THE MOMENT OF IMPACT. Because she was the friend who was closest to me geographically as I labored through bad dating experience after bad dating experience, Lisandra was almost always the first person I talked to about how things played out in those failed attempts. She always had an optimistic view of those situations…always saw a silver lining when I was ready to declare war on those chicks. Lisandra’s moment of impact comes from way back in 2007…February 13, 2007 to be exact. I was still reeling from the residual effects of what happened with Chavon and I confided in Lisandra that this was the absolute worst point in my life. Instead of feeling sorry for me, which is what I really wanted her to do, she simply said “you’re at the bottom right now…all you can do from here on out is go up”. And that’s exactly where I’ve gone since. The personal pain and grief I suffered as a result of that abortion could’ve destroyed me but Lisandra’s words kinda lifted me from the ashes.

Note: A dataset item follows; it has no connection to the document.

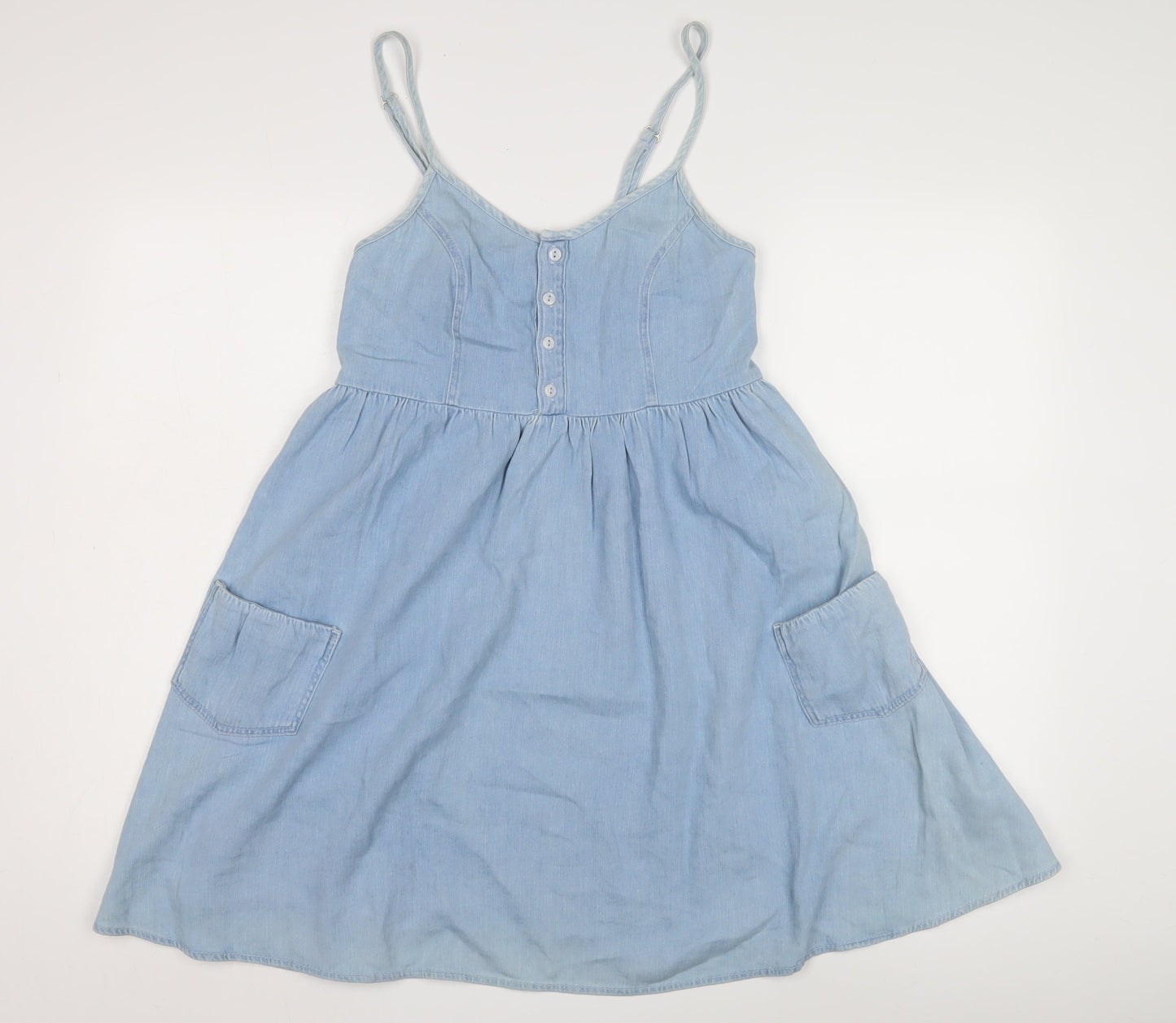 Topshop Blue Women's Fit & Flare Dress Size 10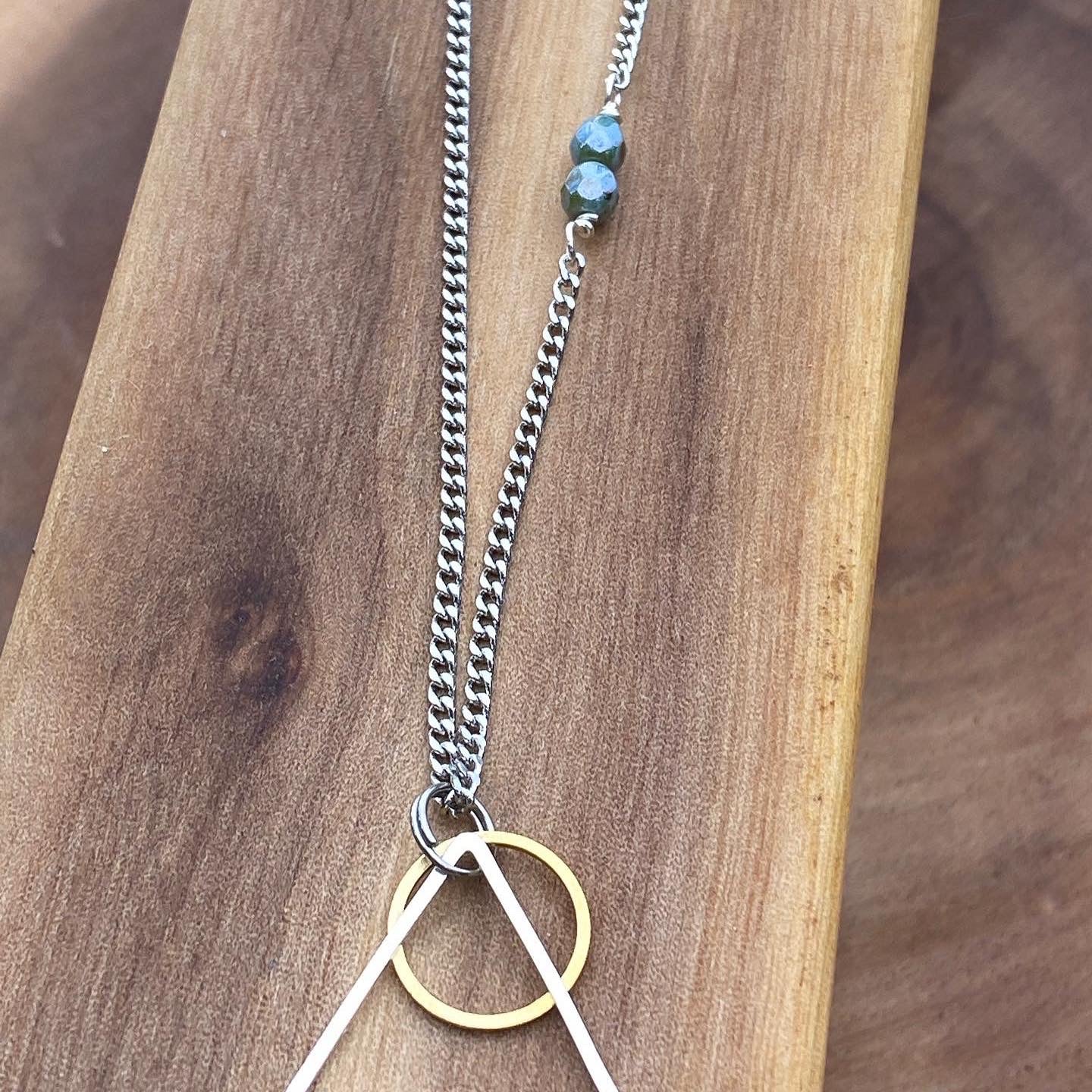 Necklace: Lariat length, Stacking Shapes with glass bead accent   SALE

HOW IT GOT ME TO 30. In this life of mine, I’ve come across many, many great people. Some have stayed around for a lifetime, some only for a fleeting second. For 11 years next month, Lisandra will have had a presence in my life. I once wrote about her in Triumphs & Tribulations X, asking the simple question: “would I be better off had I not met Lisandra”. The answer is no. I’d likely be a far worse person had I not met Lisandra. I’d probably be some dude out there intentionally hurting the feelings of women because they hurt my feelings. Lisandra taught me the lesson of never taking things too personal, whether it was the failed relationships, the E5 snubs, or the times I had to “shut up and color”. As I ascend to the age of 30 next week, everything I learned through our interactions has been important and very beneficial to me. Lisandra has certainly earned the lifetime label of best friend. And when I find myself in that position, I’ll make a special request of my prospective fiancée that she be one of the bridesmaids in the wedding ceremony.